▶ [EXERCISE INSTRUCTIONS]:
Restate the following data in its entirety, word for word and without images.

***** RAW DATA *****

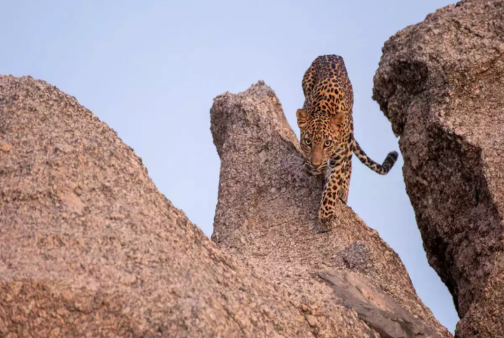 Jawai
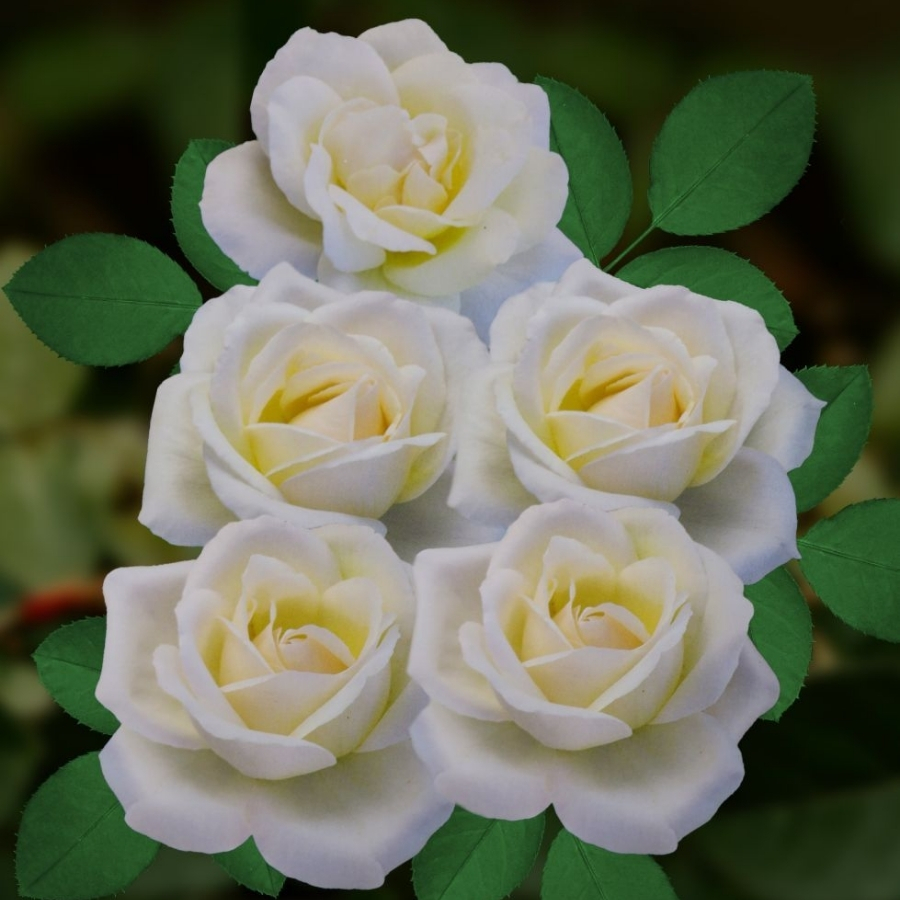 Роза Белый Медведь (аромат) - Dolinasad.by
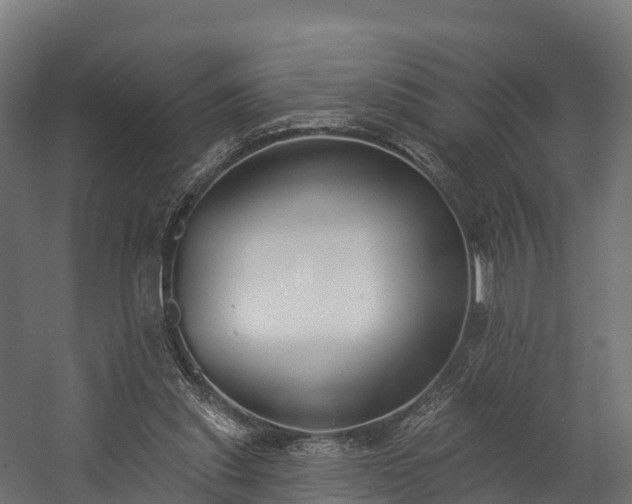 X0000058810253200510031354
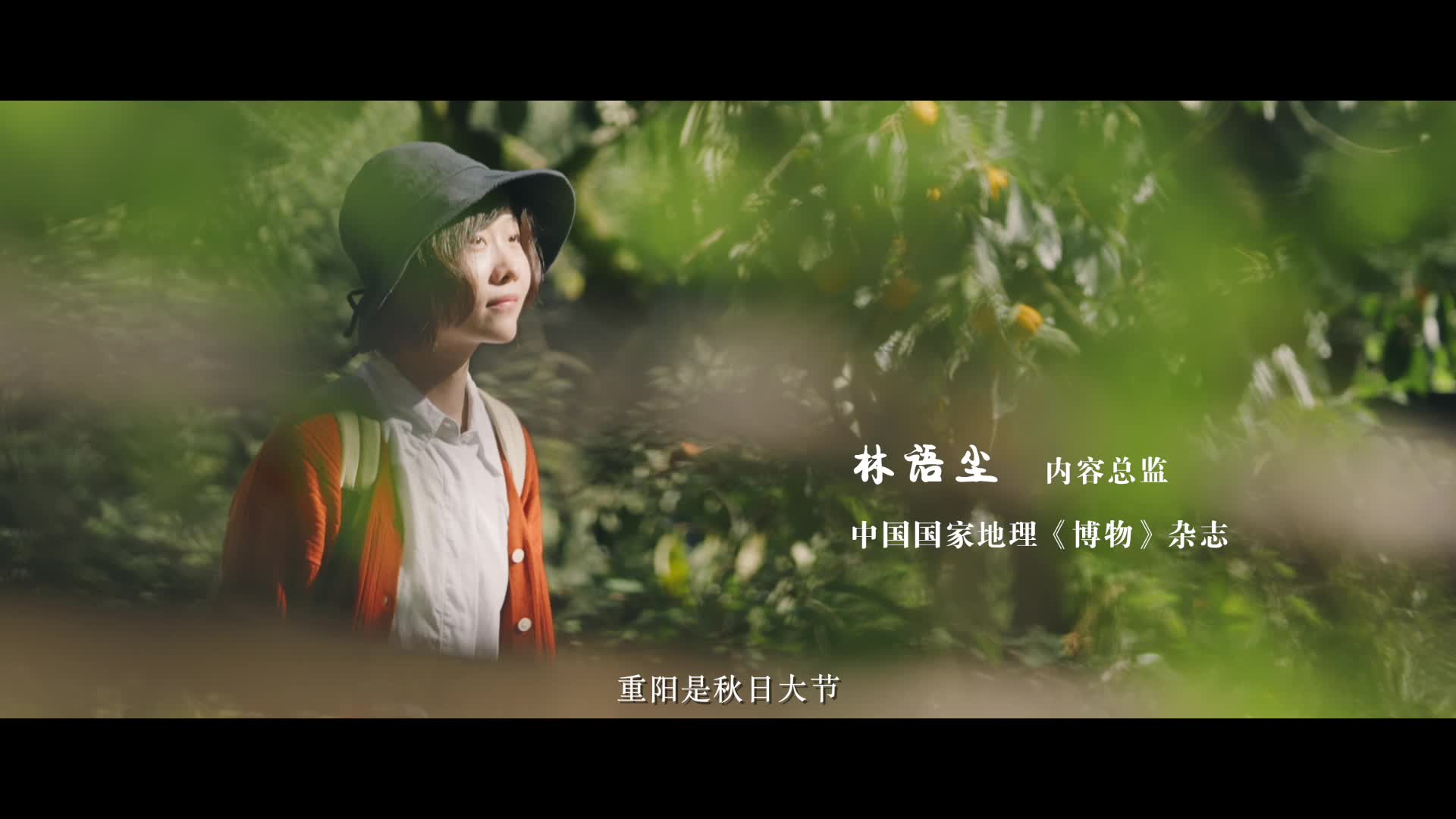 大话西游2免费版官方网站中国第一免费回合制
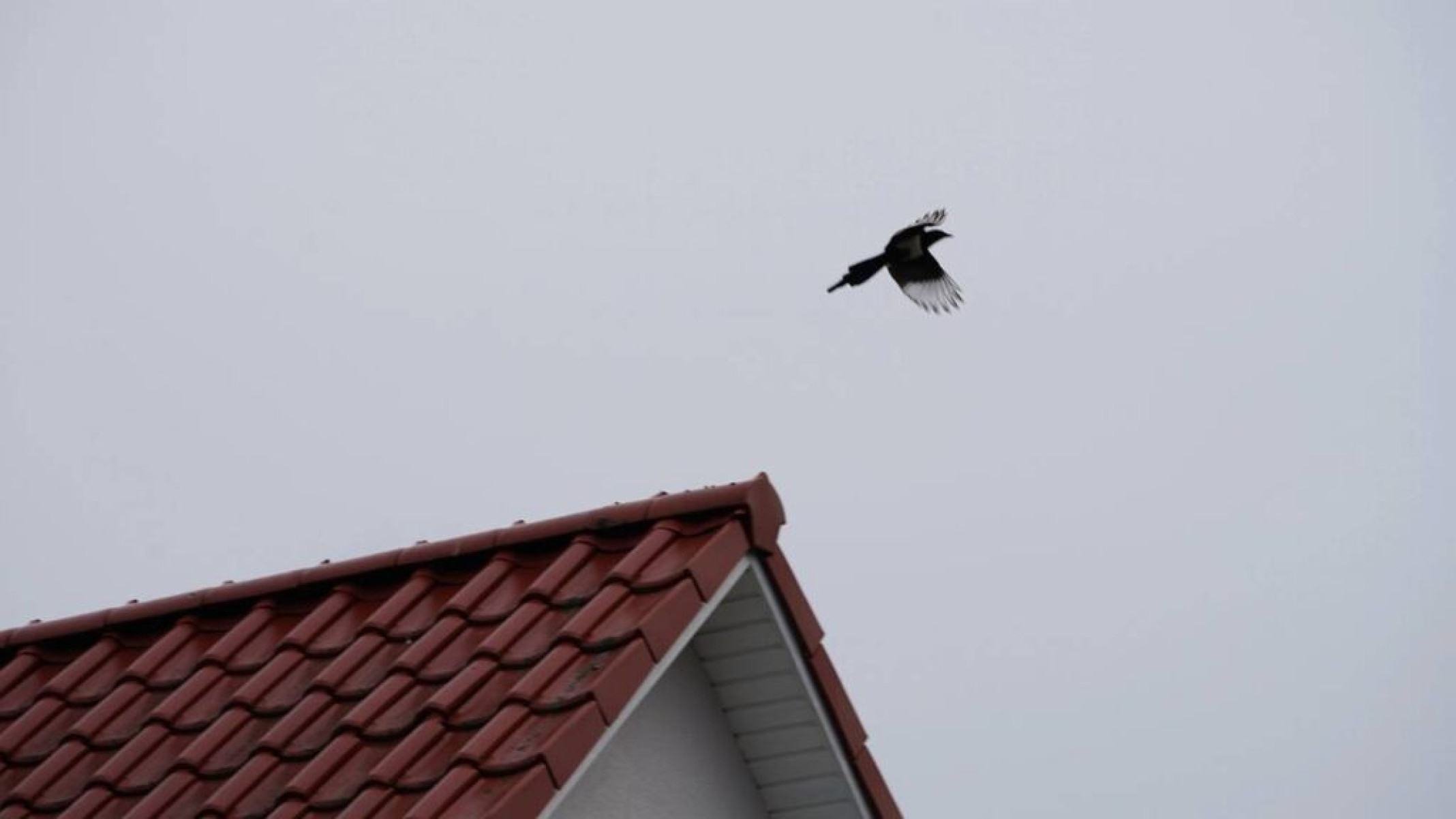 Síndrome de Pica: quando comer terra e objetos se torna um transtorno - Portal Giro 10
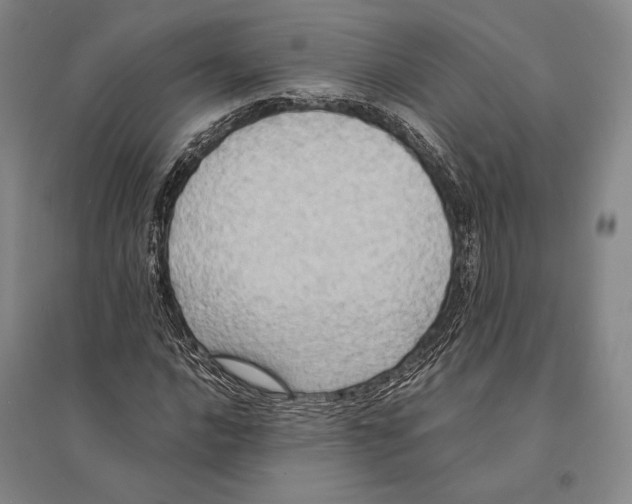 X0000095521016200801111431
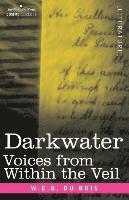 bokomslag Darkwater: Voices from Within the Veil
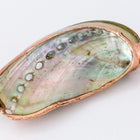 50mm Green Abalone Shell with Gold Accents #SHELL 2-General Bead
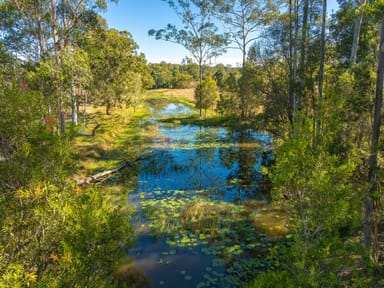 Property 81 Tatnell Rd, North Deep Creek QLD 4570 IMAGE 0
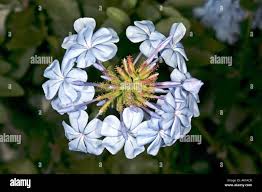 Image result for Plumbaginaceae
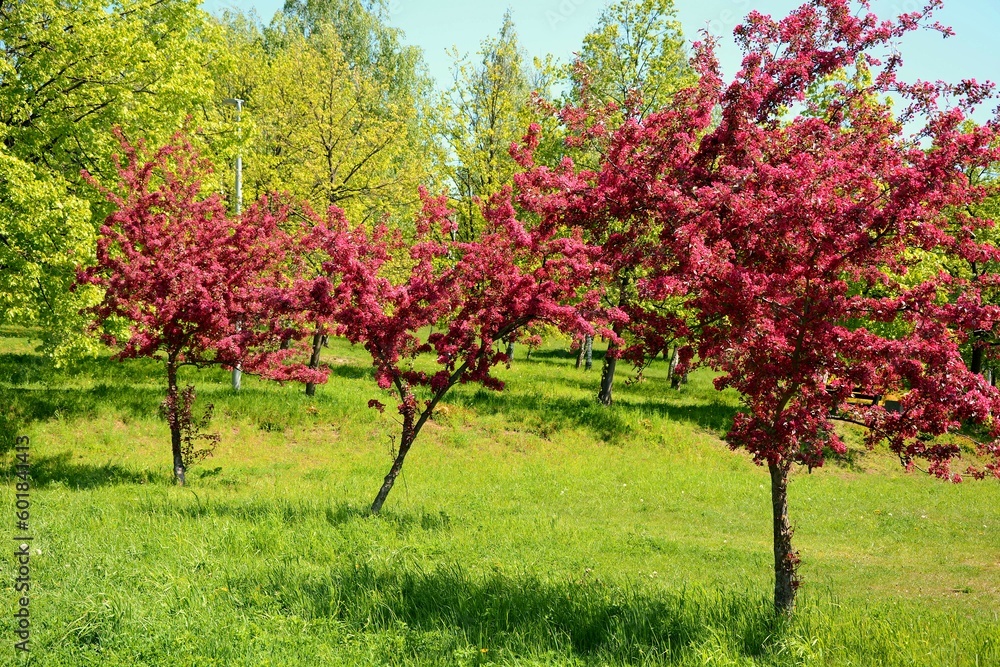 Pink flowering paradise apple trees with fruits in garden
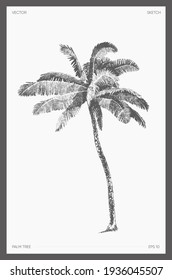 High detail hand drawn vector illustration of palm tree, realistic drawing, sketch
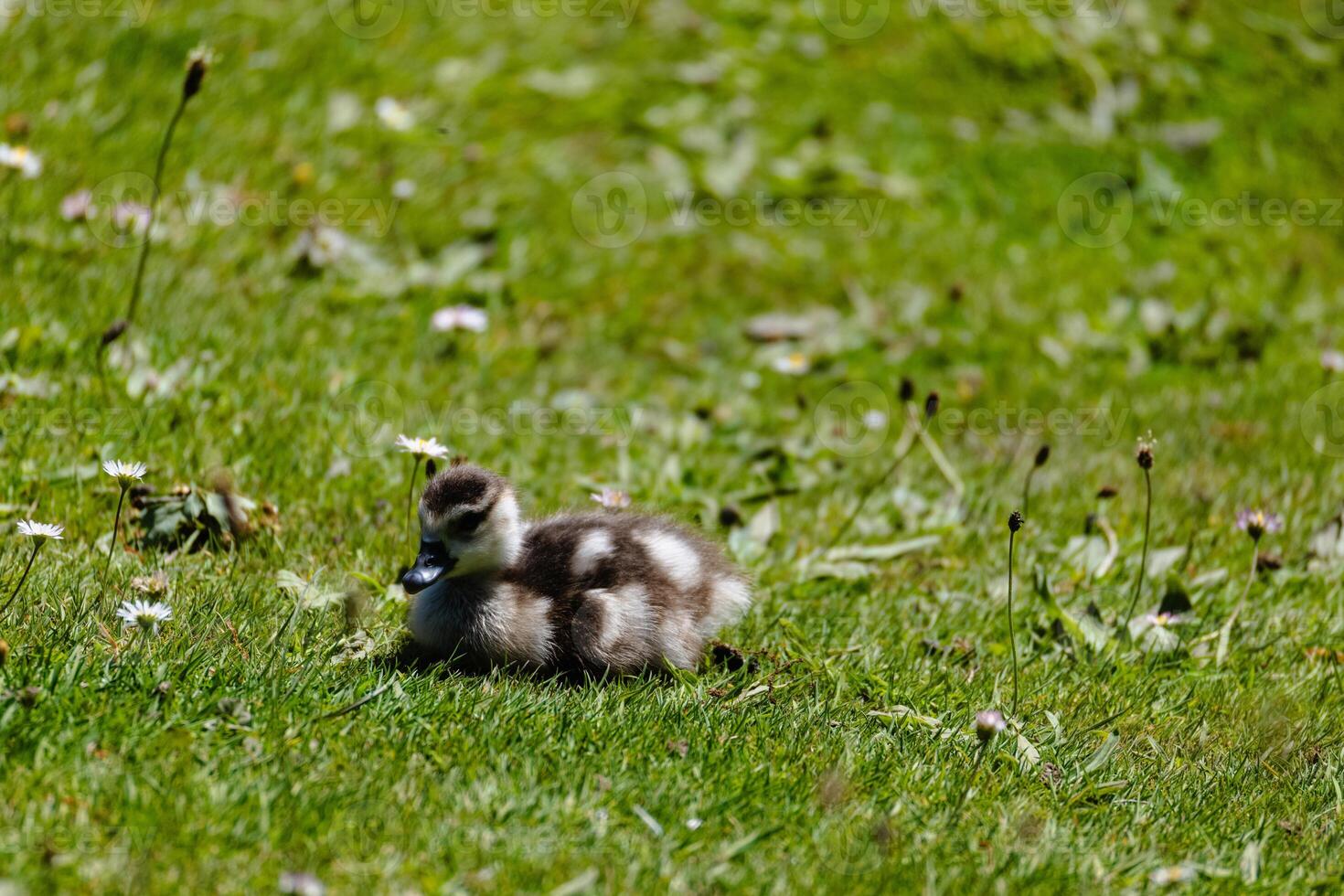 Fluffy Duckling Resting on Grass photo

*****

▶ [ANSWER BOX]:
 Jawai
 Роза Белый Медведь (аромат) - Dolinasad.by
 X0000058810253200510031354
 大话西游2免费版官方网站中国第一免费回合制
 Síndrome de Pica: quando comer terra e objetos se torna um transtorno - Portal Giro 10
 X0000095521016200801111431
 bokomslag Darkwater: Voices from Within the Veil
 50mm Green Abalone Shell with Gold Accents #SHELL 2-General Bead
 Property 81 Tatnell Rd, North Deep Creek QLD 4570 IMAGE 0
 Image result for Plumbaginaceae
 Pink flowering paradise apple trees with fruits in garden
 High detail hand drawn vector illustration of palm tree, realistic drawing, sketch
 Fluffy Duckling Resting on Grass photo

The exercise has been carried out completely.